I have five books in hand and have read a sixth (Lanny, reviewed here). The other four UK-published books are all available via KoboUK, so I’ll work my way through the five I have and then pick up the others as I go along. As in previous years, I’ll post my thoughts about the books here.

I don’t have strong feelings about the list this year. There’s only one debut novel (the Braithwaite) and while there are no US heavy hitters and only one US-origin author, there are at least three entries which are set in the US. There’s plenty of gender and ethnic diversity, but geographically it’s a heavily UK-origin list. There are plenty of books that I would have loved to see on the list, but there are so many books published every year that there are many more worthy books than slots. And when you remember that publishers have limits on how many they can submit, it’s impossible to know if the other worthy books were even sent in.
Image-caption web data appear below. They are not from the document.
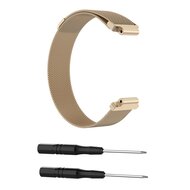 Garmin Forerunner 220 / 230 / 235 / 620 / 630 / 735 (XT) - Milanese bandje - Small - Vintage goud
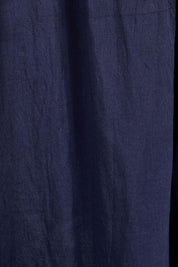 Product shot of the Essentials Easy Fit Sleeveless Cotton Dress - Navy in colour Navy, showing detail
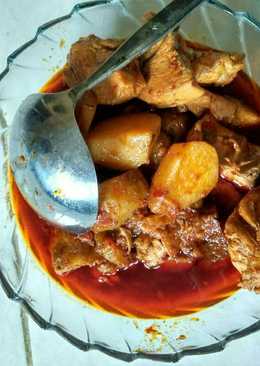 Ayam masak habang ga pedas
I’m looking forward to several quite a bit. The outlier on the list, in every way, is Lucy Ellman’s Ducks, Newburyport, which is 1040 pages, written in a single sentence (after the first page), and published by a tiny press called Galley Beggar. I’m all for unusual books, and I absolutely did not expect to see this on the longlist; the Goldsmiths’ or Republic of Consciousness’ lists, sure, but I didn’t expect it to appeal to a Booker jury. I’m very happy to be wrong! I actually have an ebook copy in hand right now because I preordered the (print) novel on a whim in the spring and the publishers kindly sent an ebook as part of the purchase. I’m hoping against all experience that my gigantic print copy is part of my current held-mail pile at the USPS and will be waiting for me when I return.
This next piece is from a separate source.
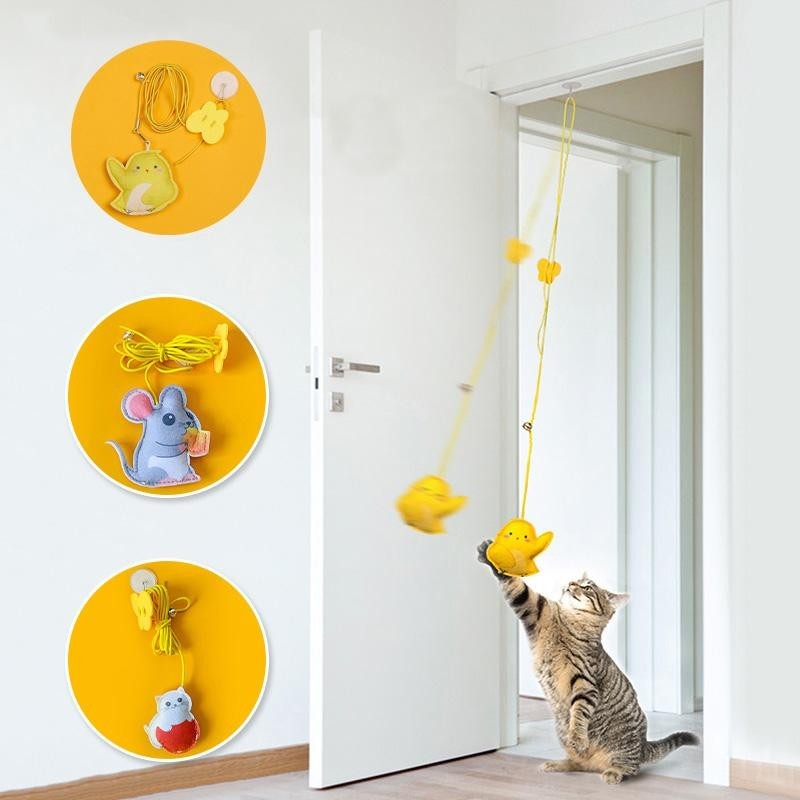 Interaktives Katzenspielzeug zum Aufhängen, Simulations-Katzenspielzeug, lustiges selbsthey, interaktives Spielzeug für Kätzc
I’m also looking forward to the Kevin Barry book, which I put on hold at the library a while ago, and I really enjoyed the excerpt from the Rushdie entry that was published in the New Yorker this week. I rarely read the New Yorker‘s fiction, but I decided to start it yesterday (before the announcement) and didn’t stop until I was done. I’m on the hold list at the library for that one as well but I’ll probably buy it when it’s released. The Luiselli is one I checked out and then returned without reading, but I’ve meant to go back to it, and same with Lanchester’s The Wall. They were both not-now books, not not-ever. And after avoiding it for months, I finally read My Sister the Serial Killer last night. It was great! I shouldn’t have been put off by the serial-killer angle, it is much more than that. Review to come soon.